A stepped care model for maternal mental health in Uganda

Ensuring access to mental health care

At the end of September we flew to Uganda for our annual field visit to PCAF, a very strong and committed partner. PCAF is an international agency established by two parents in memory of their son killed in the September 11 attacks. They are dedicated to implementing and strengthening mental health and recovery programs in communities affected by war and armed conflict to “rebuild, recover and thrive”.

We have supported PCAF since 2016 in the implementation of a maternal mental health project in the Eastern region of Uganda (Soroti District). The project is based on data showing that maternal mental health interventions can be effective in preventing or reducing mental illness in mothers and their effects on children.

PCAF promotes a stepped care model and creates a scalable and cost-effective intervention for maternal mental illness by first delivering the most effective, yet least resource-intensive treatments. Psychoeducation, interpersonal therapy groups and specialized care are the three steps provided to pregnant women once they have been screened for depression during their prenatal visit.

PCAF facilitates this model integrating task-shifting, local perspective and evidence-based practice. This approach combines treatment and prevention and promotes a participatory approach among all the stakeholders involved.

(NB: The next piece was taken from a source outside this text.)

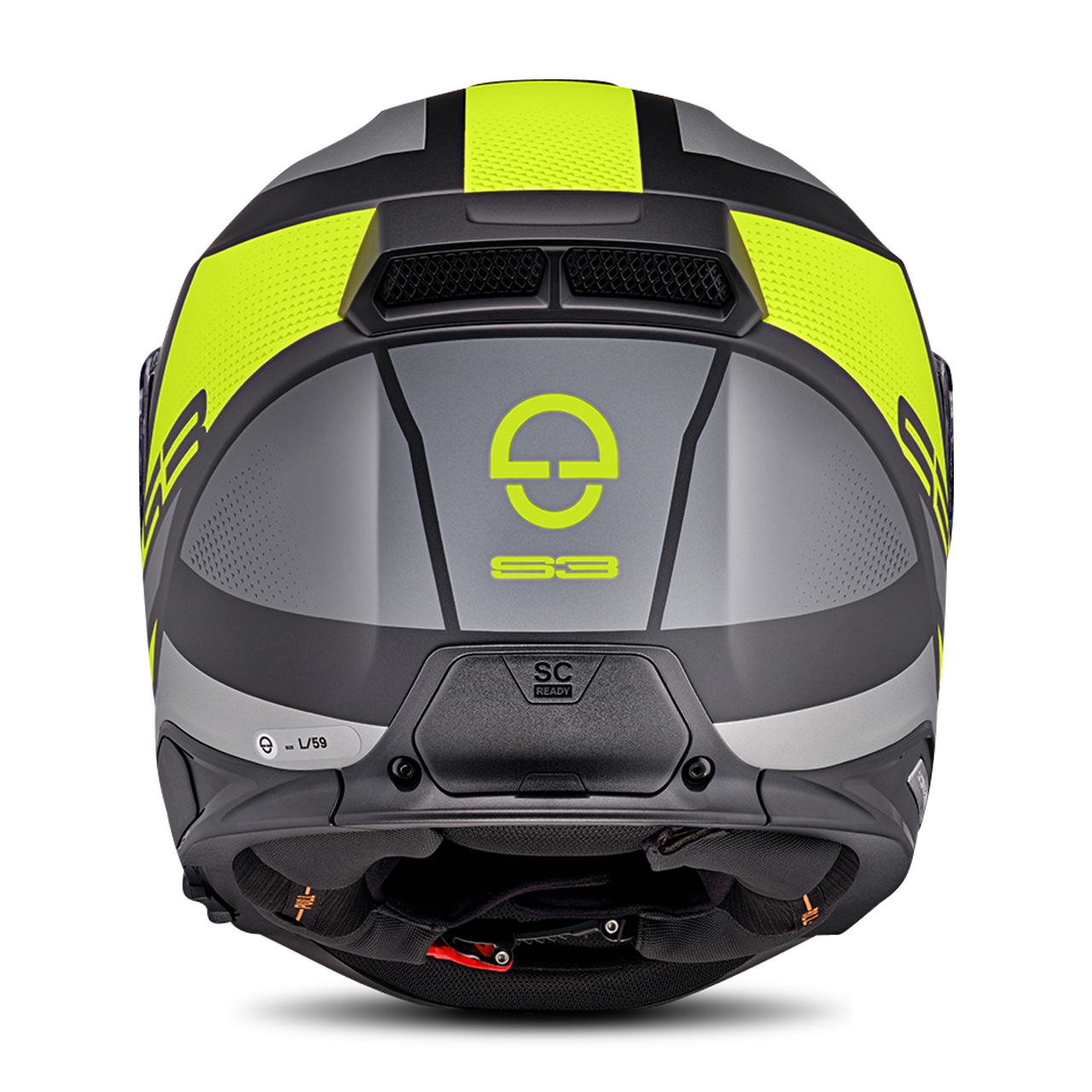 Schuberth S3 DAYTONA Full Face Helmet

Josephine Akellot Ocama, responsible for this project, walked us with her team to the homes of three mothers and their families who have been involved in the project. Caroline, Catherine and Christine* gave us a very warm welcome and openly shared their experiences, their difficulties and how the program has helped them to start on a new and positive path. Caroline fully recovered from depression after attending psychoeducation sessions and Catherine recovered after attending an IPT group. Family therapy has been suggested to the third mother, Christine, which she is to start soon.

It was also touching to see how happy and supportive the husbands of these three wonderful women were about their wives’ recoveries. This is a direct result of the inclusion of the husbands in the health education talks that the team carries out and an innovative component PCAF introduced in July. It has been noticed that if husbands attend psychoeducational meetings with their partners they gain a better understanding of the psycho-psychical problems their wives are going through and become more encouraging during the recovery process.

We highly value the work carried out by PCAF. Their team is always searching for the best solutions while taking the local context, the available resources and the sustainability of the project into consideration. We could not be happier with their results and cannot wait to go back to Uganda for the next field visit.

*The women’s names have been changed.